И, о, эврика! - да это же он отец дочери органиста.
Все признаки идентичны, думаю я. Может, и органист об этом знает ведь развелся с женой. А может, и не знает. Двадцать лет назад это было, еще географию преподавал. Впрочем, какое это имеет значение? - думаю я. Кто без греха? Он всего лишь сакристиан, а не папа римский. В то время в бога не верил - грешил, пану Луцевичу рога наставил. Это обязательно надо уточнить, осторожно, конечно, вдруг органист и не подозревает такого подвоха, зачем ему глаза открывать.

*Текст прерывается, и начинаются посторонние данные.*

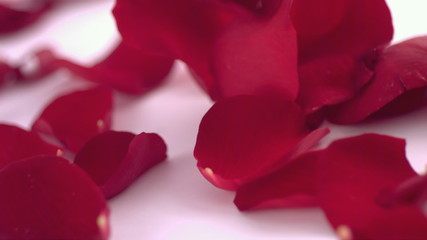 Valentine's Day rose petals falling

Долго, однако, Фадей Петрович говорит. Рыб столько нет, думаю я, сколько он говорит. Я приподнимаюсь прощаться, и лодочник, видимо, от страха потерять слушателя, восклицает, что вспомнил самое главное: у Ивана Алексеевича в городке живет приятель. "Так он сказал, - говорит Фадей Петрович. - Завтра, говорит, утром подойду в город с другом поговорить, много лет не виделись, а к вечеру буду, ты меня жди". Еще и снасти попросил взять. Я его обождал немного, потом, думаю, не придет - выпили они там крепко.
- Как звать друга?
- Этого не сказал.
Значит, приятель, думаю я. Ничего себе приятель, суровый, пальца в рот не клади, недаром на щуку похож. Славная, надо сказать, дружба. Хотя чему удивляться, худшие враги как раз их старых приятелей и выходят. Так что преступление осмысленное и, судя по скорости, предопределенное. Покойный, правда, рыбу собирался ловить после этой встречи, покушения на свою жизнь не предполагал, но ошибся. А может, и предполагал, заметил же ксендз в его глазах настороженность, неприязнь - видно, не устерегся, убийца посильнее был, похитроумнее. Глуповат оказался Иван Алексеевич. Верно, обговорили что-то ледяным шепотом, нечто для убийцы опасное, знаменателя не нашли, и Иван Алексеевич направился к выходу, может быть, еще и пригрозил - гляди, пожалеешь, жди - в милицию иду. Итак, он направился к выходу, не сторожился, уверенный, что нападение невозможно - играет орган, костел полон звуков, в костеле посторонние. Но именно потому, что звучат органные трубы, убийца наносит удар. Зачем? Зачем? - последний вопрос в триаде неизвестных, которыми выражается убийство: кто? кого? зачем? или: кто убил? кто убит? причины? Первое предположительно известно, второе Локтев должен установить по прошлогодним регистрационным журналам, а третье придется копать. Убийца не хулиган, так что причины должны быть веские, тяжелые, такие глубоко лежат.
В том, что делает сейчас Локтев, ничего сложного нет, элементарная следственная работа - веди себе пальцем по столбцу имен и отчеств, замечая Иванов Алексеевичей или Алексеев Ивановичей. Ни тех, ни других, однако, Саша еще не обнаружил.